What to produce: Without any images, write the data out exactly as it appears.

Extracted data entries:

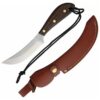 Grohmann 4.88″ Standard Skinner Fixed Knife Canada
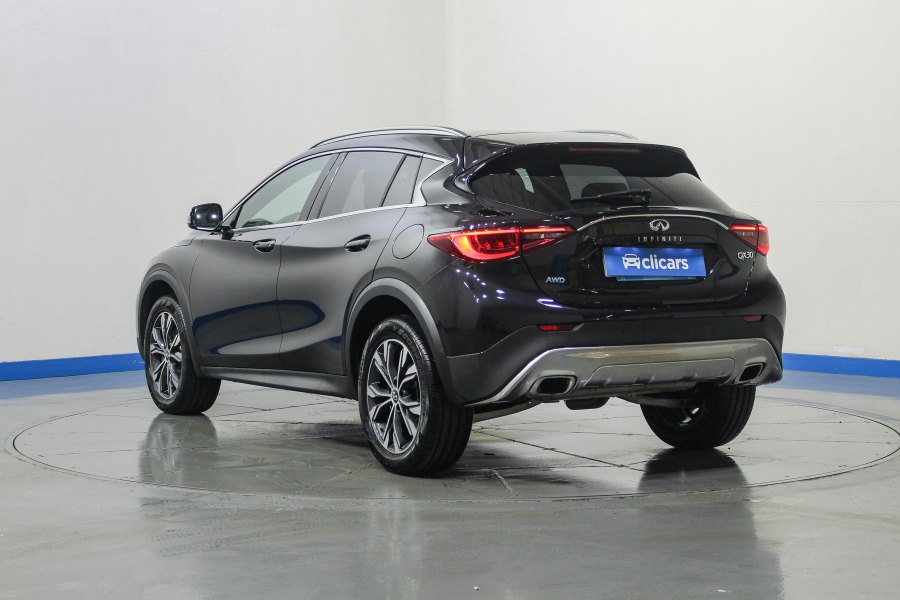 Infiniti QX30 Diésel 2.2D PREMIUM 7DCT AWD 8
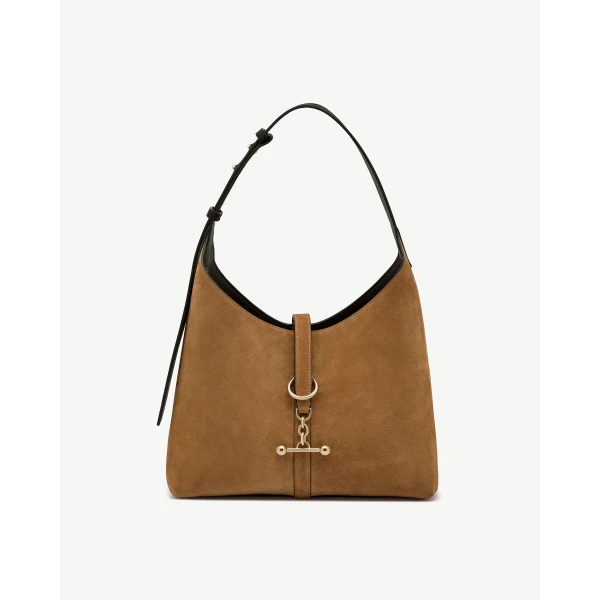 Strathberry Kite Hobo crossbody bag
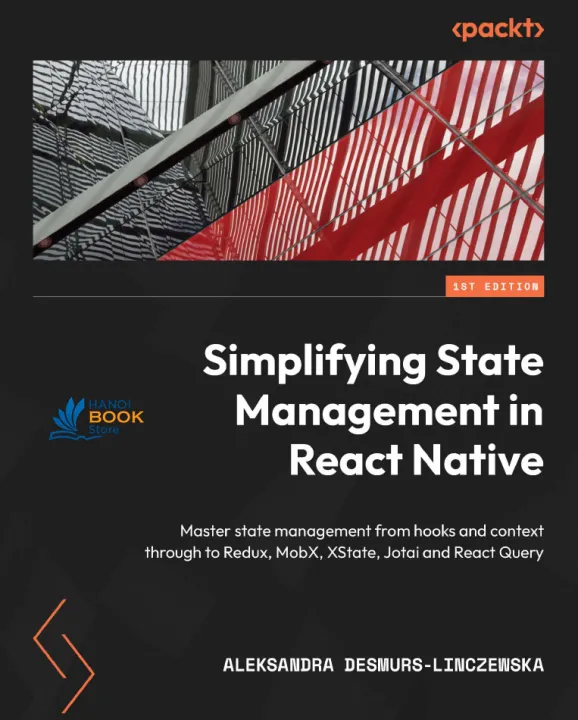 Simplifying State Management in React Native - Sala Bookstore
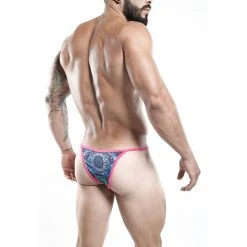 Daniel Alexander DAI034 Slip Bikini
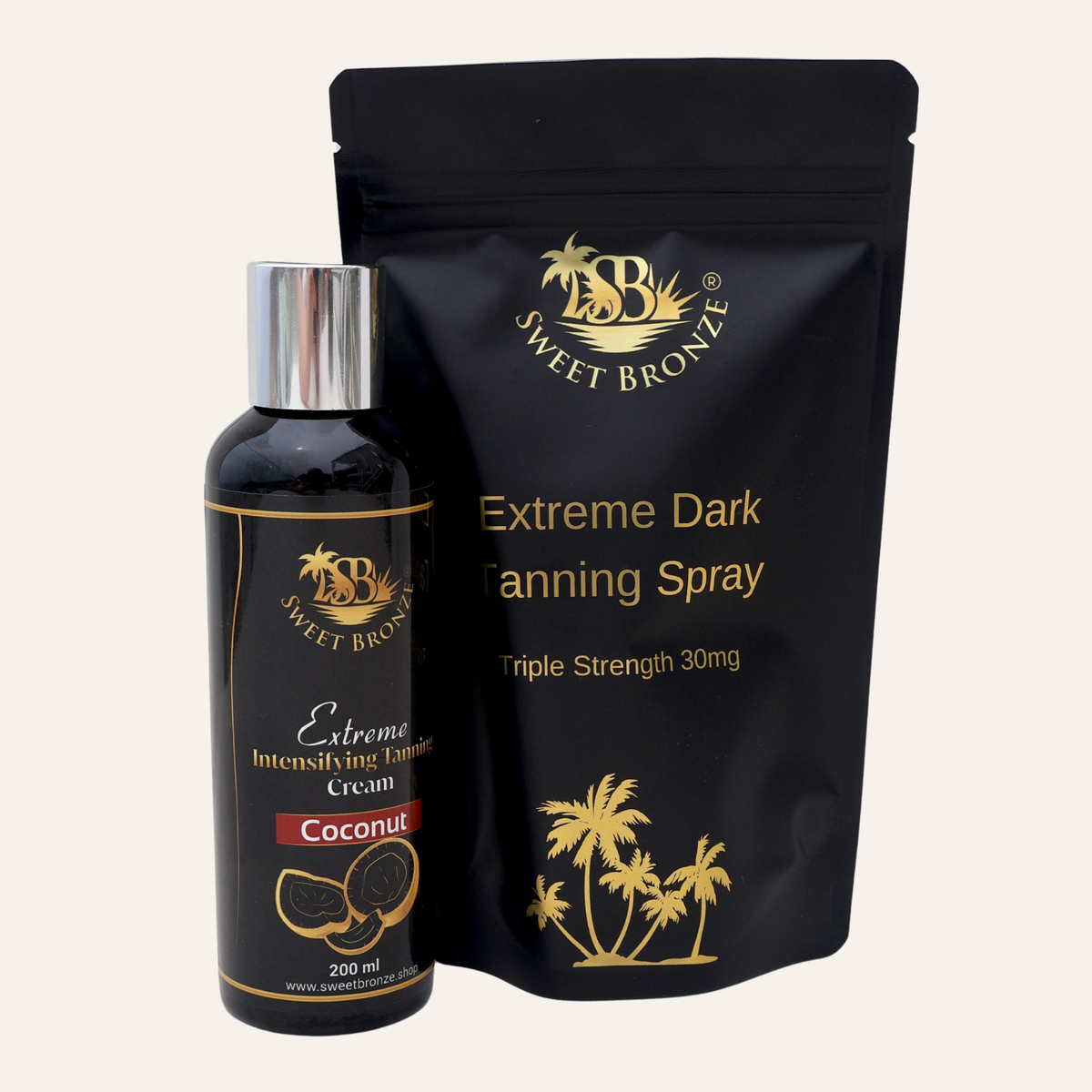 Daily Glow Cream Routine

Solution for this exercise:
 Grohmann 4.88″ Standard Skinner Fixed Knife Canada
 Infiniti QX30 Diésel 2.2D PREMIUM 7DCT AWD 8
 Strathberry Kite Hobo crossbody bag
 Simplifying State Management in React Native - Sala Bookstore
 Daniel Alexander DAI034 Slip Bikini
 Daily Glow Cream Routine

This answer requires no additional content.